Cellular data services are sometimes fast but always inconsistent. Occasional bursts of good performance skew averages based on measurements taken over periods of time, building false expectations of the speed and performance consumers will actually get. That’s one of the conclusions reached in an analysis done for the California Public Utilities Commission, based on millions of field tests conducted at thousands of locations throughout the state (H/T to Jim Warner for the pointer).
Nearly everyone in California – 98% of the population – would have access to the CPUC’s minimum standard of service (6 Mbps down/1.5 Mbps up), if carrier claims and sporadic speed spikes are taken at face value. But the CPUC’s analysis shows that doesn’t match reality…
The mean normalized standard variation can vary from as little as 25% for an urban Verizon user to as much as over 100% for a rural T-Mobile user. Rural users can expect to see much more variability in their service than urban users….
Lowering the mean speeds down by one standard deviation is necessary to approximate what most consumers can expect from their mobile service most of the time.
In real world terms, applying a variability discount to the raw data means that only 64% of Californians can get an adequate level of service from mobile carriers, leaving 36% out in the cold.

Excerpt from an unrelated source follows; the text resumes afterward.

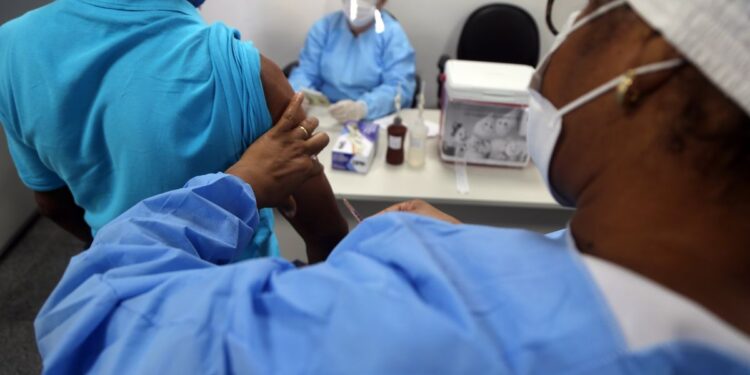 Enfermeiras aplicando vacina de reforço de Sarampo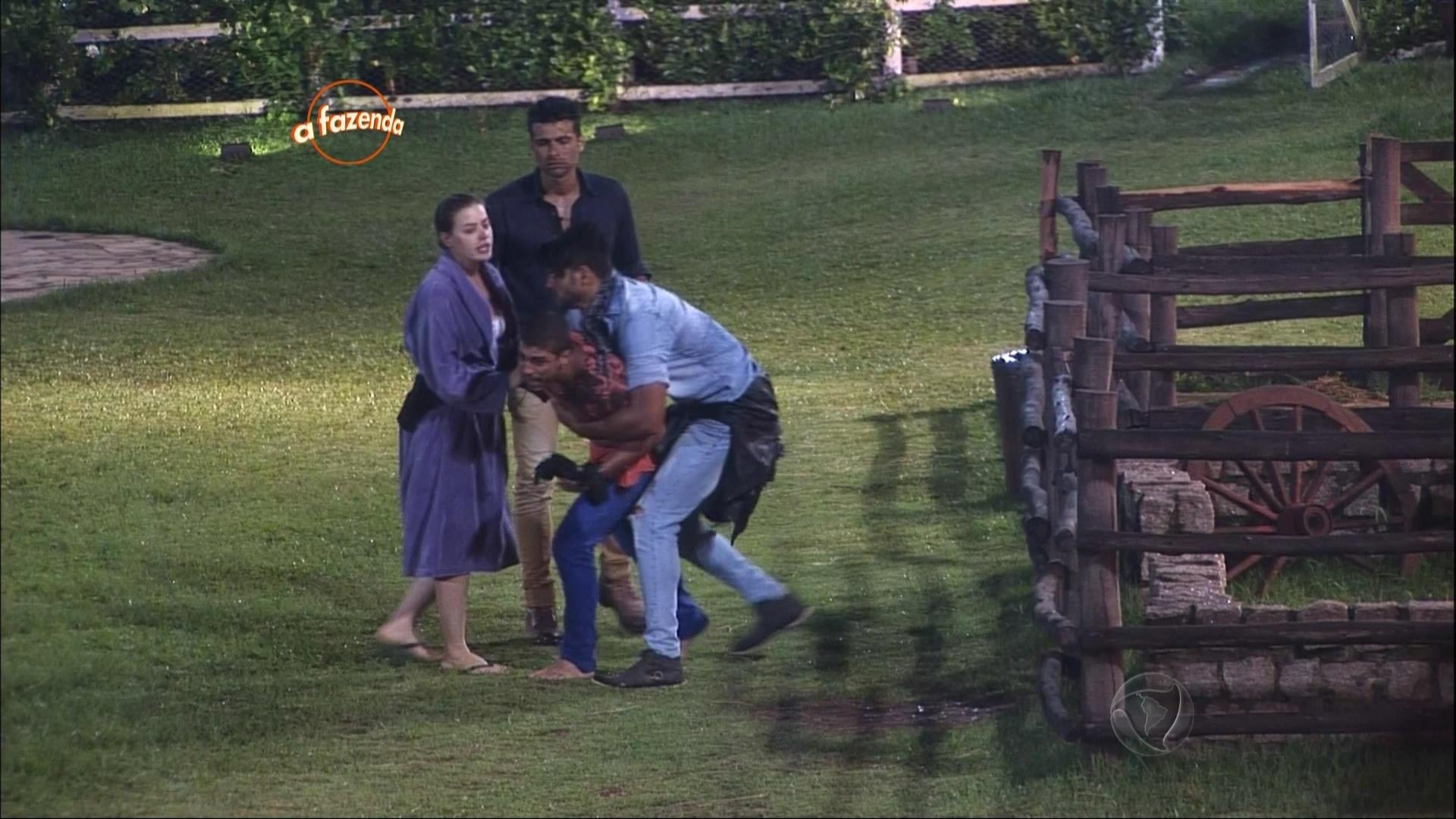 13.nov.2015 - Descontrolado, Douglas desceu para tentar tocar o sino mas foi impedido por Marcelo Bimbi - Reprodução/Record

Looked at in terms of land area, the story gets even worse. 66% – just about two-thirds – of the state does not have mobile data service that meets the minimum standard.
Many Californians have access to high quality mobile broadband service – the report notes that “mobile broadband, at its best, has gotten much better VERY quickly, on average”. But more than a third of the people in California and two-thirds of the land area see cellular data service at its worst.